EXERCISE INSTRUCTIONS: Would you show every line from the records that holds "espermatozoides"?

DATA TO PROCESS:

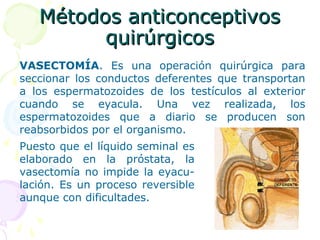 Métodos anticonceptivosMétodos anticonceptivos
quirúrgicosquirúrgicos
VASECTOMÍA. Es una operación quirúrgica para
seccionar los conductos deferentes que transportan
a los espermatozoides de los testículos al exterior
cuando se eyacula. Una vez realizada, los
espermatozoides que a diario se producen son
reabsorbidos por el organismo.
Puesto que el líquido seminal es
elaborado en la próstata, la
vasectomía no impide la eyacu-
lación. Es un proceso reversible
aunque con dificultades.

RESPONSE BOX:
a los espermatozoides de los testículos al exterior
espermatozoides que a diario se producen son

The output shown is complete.